The Love Trap would seem the more awkward, starting out as a silent film with titles and a synchonized music score, more than halfway shifting to spoken dialogue. Wyler appears to have instinctively understood how to film people speaking without it looking stagey, cutting from full to medium shot. Even if there is less camera movement, the use of editing allows The Love Trap to flow rather than falter.

The Love Trap features Laura La Plante as an early version of that filmic archtype, the ditsy blonde. Thrown out from the chorus because she can't dance, La Plante temporarily plays party girl for the night before deciding she has her scruples, no matter that the rent is due. Escaping wearing a robe from what appears to be a compromising position, she finds her belongings out in the street. As if that's not enough, it rains that night. La Plante is rescued by wealthy young man Neil Hamilton. While happily married, La Plante's past comes to haunt her.

Even though the dialogue is spoken in a style more suitable for stage than screen, Wyler uses that as way way of underscoring the silliness of the story. La Plante, who I have never seen before, is fun to watch because of her ability to make a fool of herself, whether stumbling drunk or literally getting mud in her eye. It may also be that Wyler, who has had a reputation for being involved with some of his leading ladies, found The Love Trap a great excuse for filming Laura La Plante frequently in her lingerie. The Love Trap is everything that Ben-Hur is not - short, sexy and funny.

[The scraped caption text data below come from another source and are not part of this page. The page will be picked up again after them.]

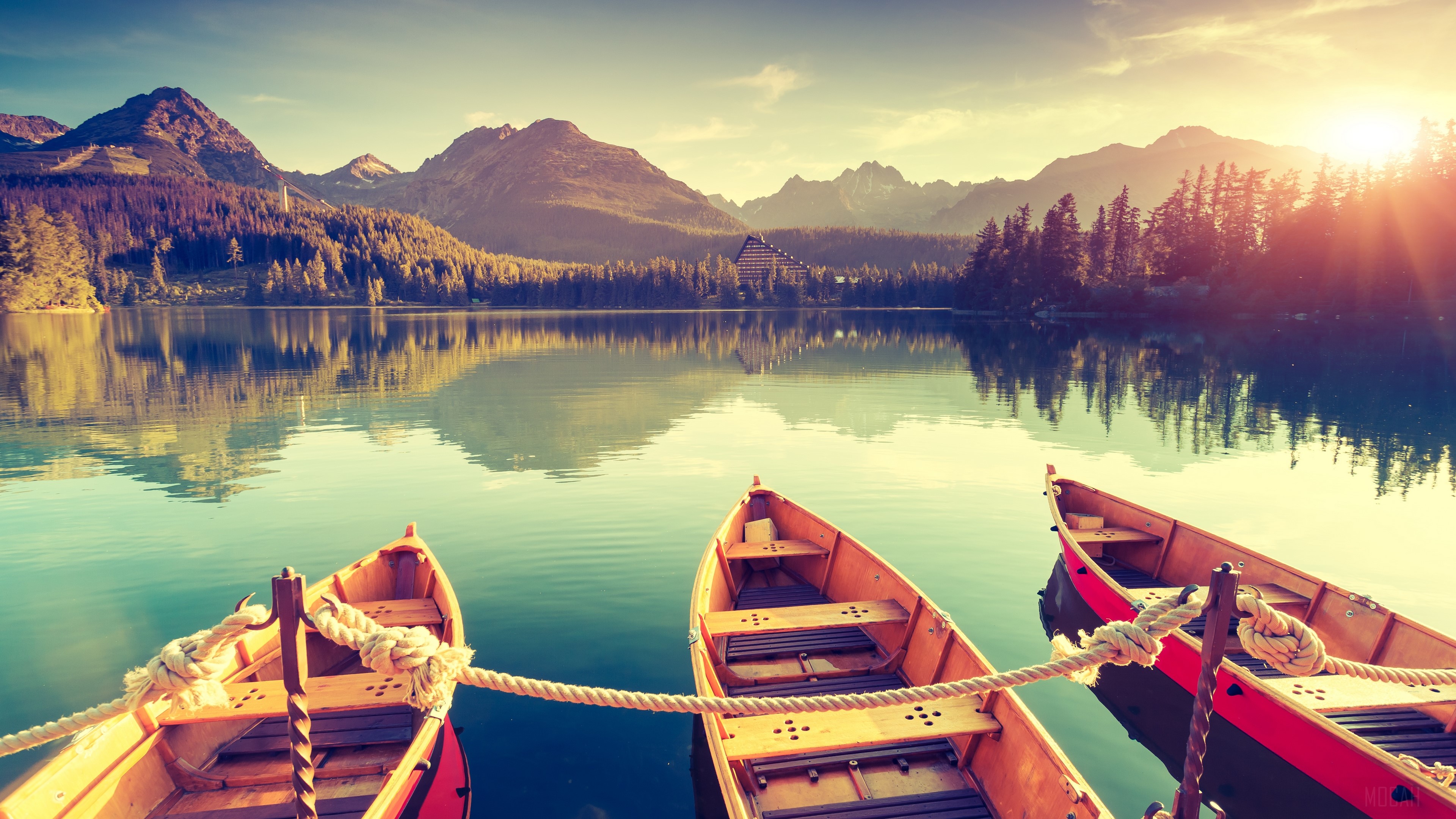 Boats on a lake with mountains and forest HD Wallpaper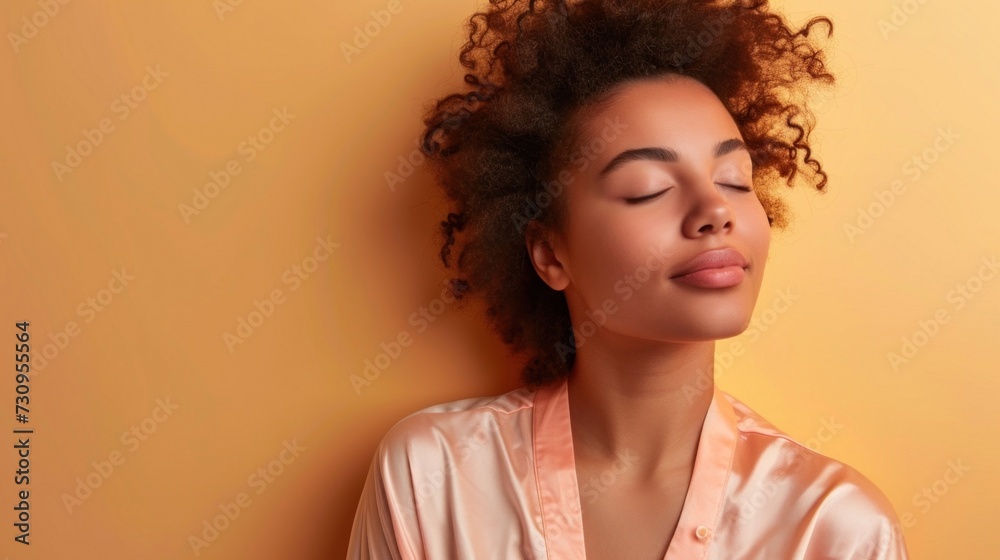 A young woman with curly hair wearing a pink blouse is captured in a serene moment with her eyes closed leaning against a warm orange background exuding a sense of tranquility and inner peace.
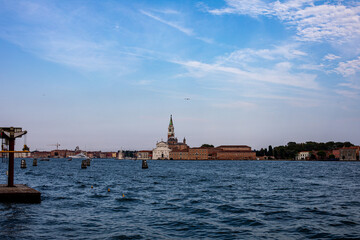Fototapeta premium A serene view of the Venetian skyline featuring historic buildings and waterway activities under a clear blue sky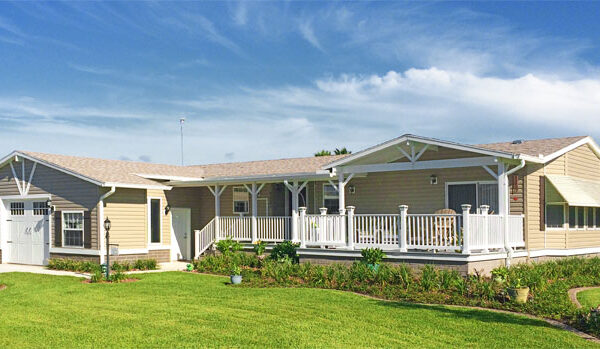 Exterior photo of a home with a site built garage and porch with a large awning over the 6 window bay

Be Yourself is primarily of interest for those who might want to have a glimpse of the real Fanny Brice. While her singing voice is closer to that of Ethel Merman, Brice is not the mugging, annoying screen presence that is Barbra Streisand. While the film starts of nicely with a dolly shot of the audience at a boxing match that moves into the ring with the two boxers, too often the film is static. Director Thornton Freeland is remembered, if at all, for Flying Down to Rio. Be Yourself looks like the work of people who were intimidated by the new technology. Many of the scenes are shot as full shots, with characters entering and exiting through doors. Robert Armstrong, as the dumb lug of a boxer who wins Brice's heart is especially awkward. Better is seeing Brice sing two very different versions of the same song, once upbeat and again as a tearjerker. It is quite possible that this film played a part in the title of the musical version of the life of Fanny Brice. Twice, her character is refered to as a "funny girl".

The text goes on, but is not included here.